Sat 26 May 2012 07:39:41 AM PDT

Market discipline, and offloading

Doc Searls recently put up a good short intro to the VRM concept: Turning Consumers into Customers. Plenty of links there for more info.

One more aspect of VRM, though, is that it's potentially an important part of three other trends: individualization and Big Switch-ization of IT, and the increasing self-servitude of everything.

As an individual, you have access to better tools for information discovery and sharing than the vendor IT Department does. Some of those tools are local, others can run as a service. And it's way faster for you to start using a new technology or service than for the vendor to do it.
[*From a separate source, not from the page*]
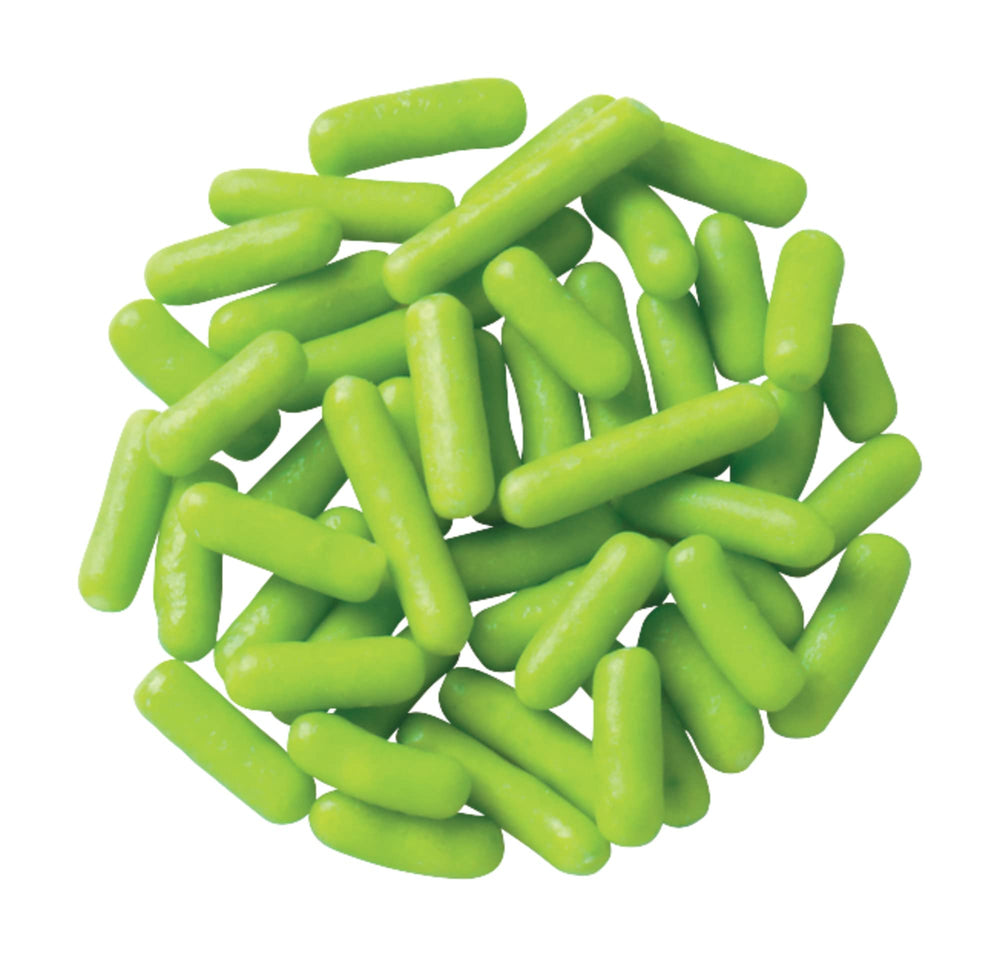 DecoPac Lime Green Sprinkles rolled into royal icing for decorative edges.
So if somebody is going to use a computer program to match up people who want to buy with stuff that wants to be bought, why not run that program on the platform that works best? And the platform that works best is a mix of end-user devices for UI and raw cycles, plus high-efficiency large-scale data centers for back-end tasks. (Appropriate back-end tasks are: enforce security and consistency. If you do anything else on the server side you're probably doing it wrong.)

For a vendor, using VRM is almost like making the customer do bank transactions at the ATM, or get support from the web site, or use the supermarket self-checkout machine. Customer information that's out in the market, kept up by the customer, is information that customers pay to maintain and that you don't have to. (Big Data in-house requires expensive data centers and statisticians in Aeron chairs.)

A CRM migration is an IT Project with a capital P. A VRM migration is "hey, you notice all the traffic to the web API from example.com? That's cool."

So VRM is nice and logical and all, and there should be a lot more of it. But the catch is that although it might be great for enabling all kinds of efficient market transactions and conversations and all that fun stuff, it's absolutely terrible for confusopoly-based price discrimination, and many vendors depend on that. At least VRM will tend to raise the relative price of working that way.